SUPPLIED RECORDS
━━━━━━━━
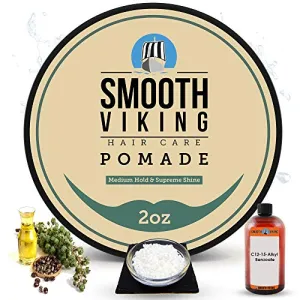 Smooth Viking Water-Based Pomade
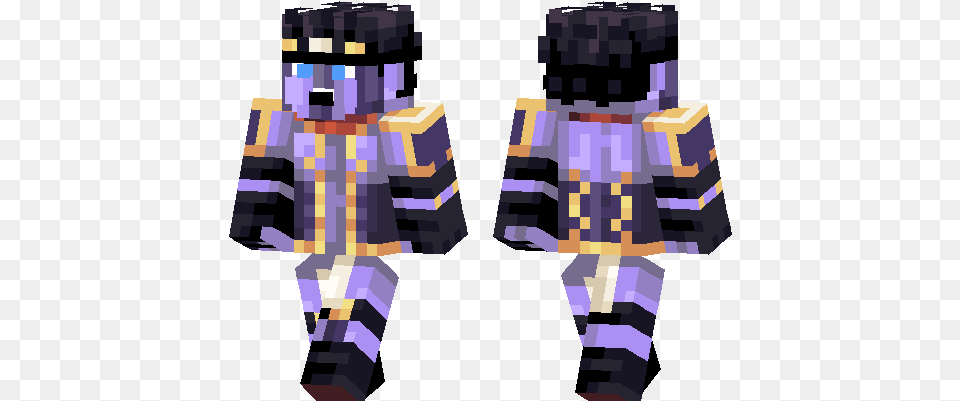 Minecraft Pe Skins Minecraft Star Platinum Skin, Fashion, Person, Art Free Png Download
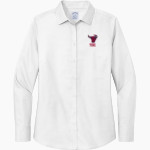 World Language Academy Toros <span class="pdp-name-mascot">World Language Academy Middle School Toros</span> Brooks Brothers Women's Wrinkle-Free Stretch Nailhead Shirt Front Thumbnail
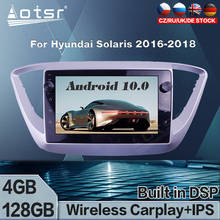 Kit multimídia automotivo px6 para hyundai solaris 2002-2013, android, navegação gps, reprodutor multimídia, rádio estéreo, gravador, dsp, carplay 2024 - compre barato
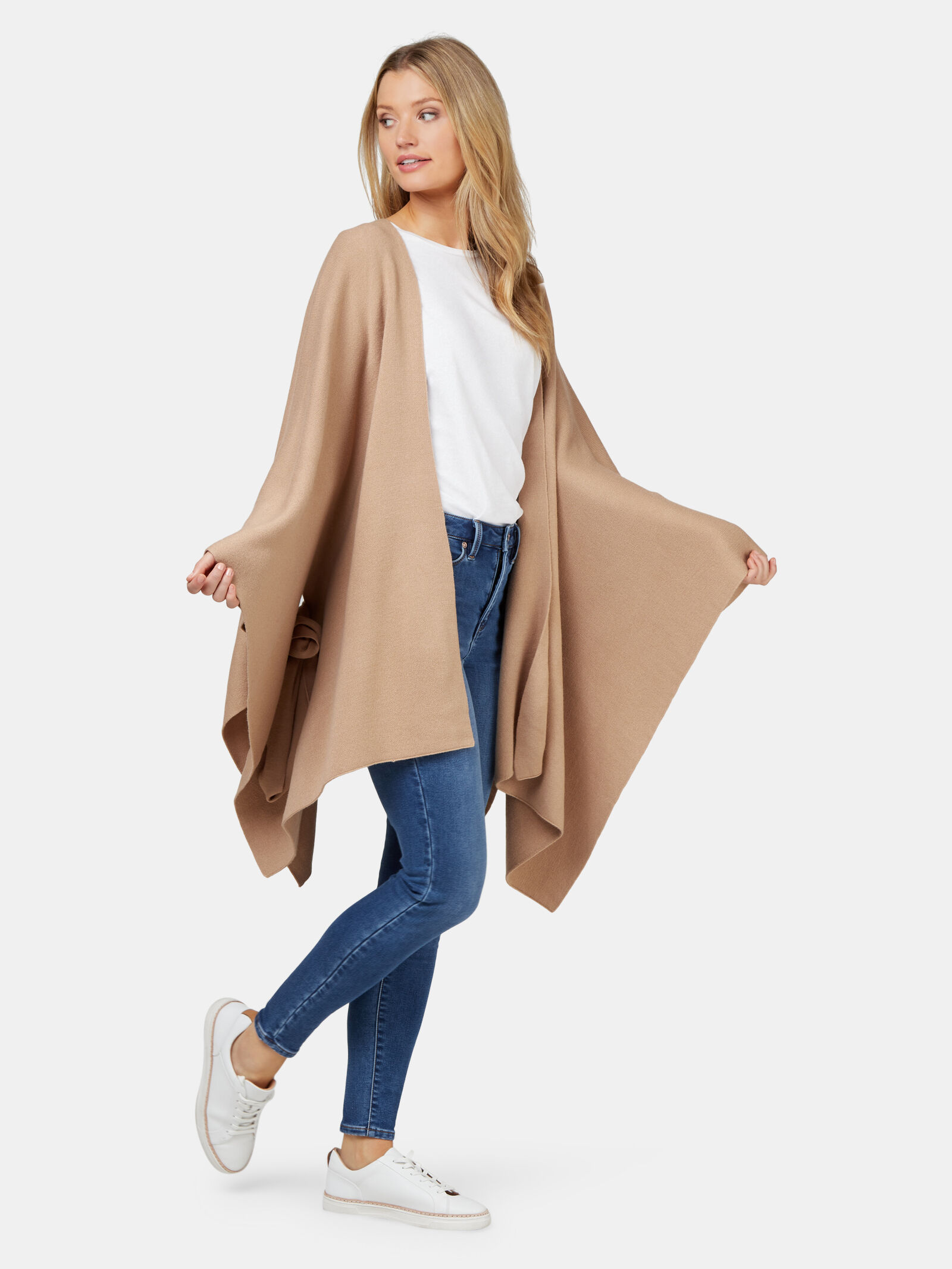 Womens winter ponchos and capes outlet
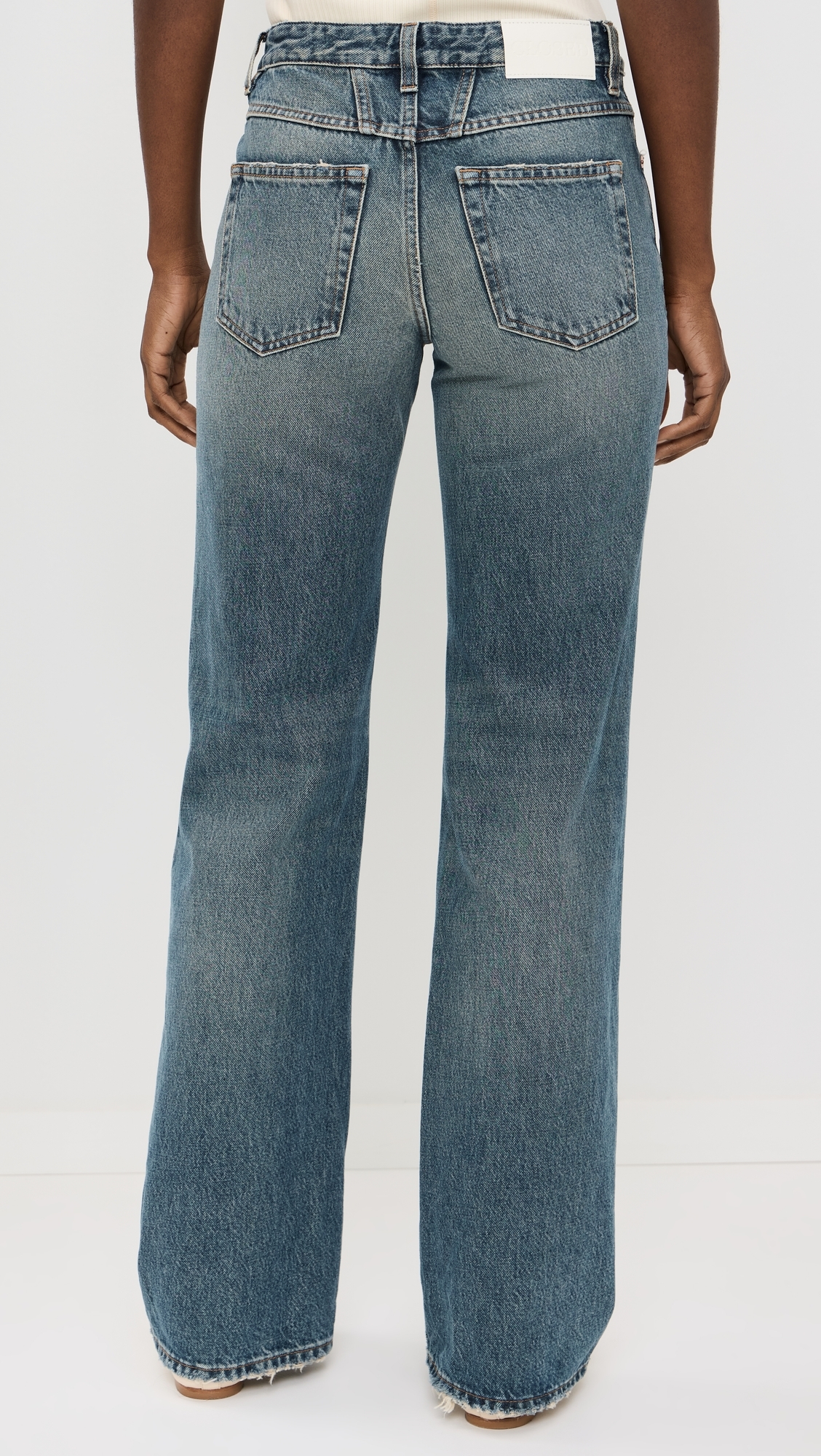 Gillan Jeans Mid Blue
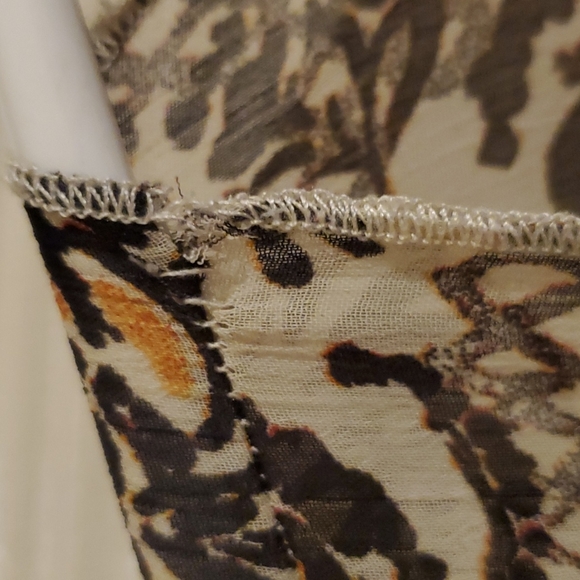 Xhilaration Fringe Cardigan/Cover Up S/M - Picture 5 of 5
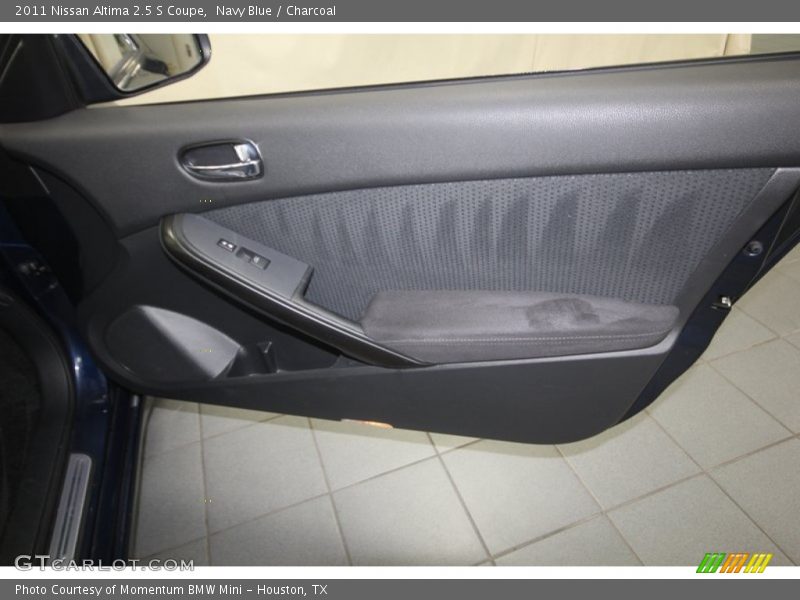 Navy Blue / Charcoal 2011 Nissan Altima 2.5 S Coupe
━━━━━━━━
WHAT IS BEING ASKED
The entries are to be transcribed in full. Their pictures are not.

RESPONSE FOR THIS EXERCISE
 Smooth Viking Water-Based Pomade
 Minecraft Pe Skins Minecraft Star Platinum Skin, Fashion, Person, Art Free Png Download
 World Language Academy Toros <span class="pdp-name-mascot">World Language Academy Middle School Toros</span> Brooks Brothers Women's Wrinkle-Free Stretch Nailhead Shirt Front Thumbnail
 Kit multimídia automotivo px6 para hyundai solaris 2002-2013, android, navegação gps, reprodutor multimídia, rádio estéreo, gravador, dsp, carplay 2024 - compre barato
 Womens winter ponchos and capes outlet
 Gillan Jeans Mid Blue
 Xhilaration Fringe Cardigan/Cover Up S/M - Picture 5 of 5
 Navy Blue / Charcoal 2011 Nissan Altima 2.5 S Coupe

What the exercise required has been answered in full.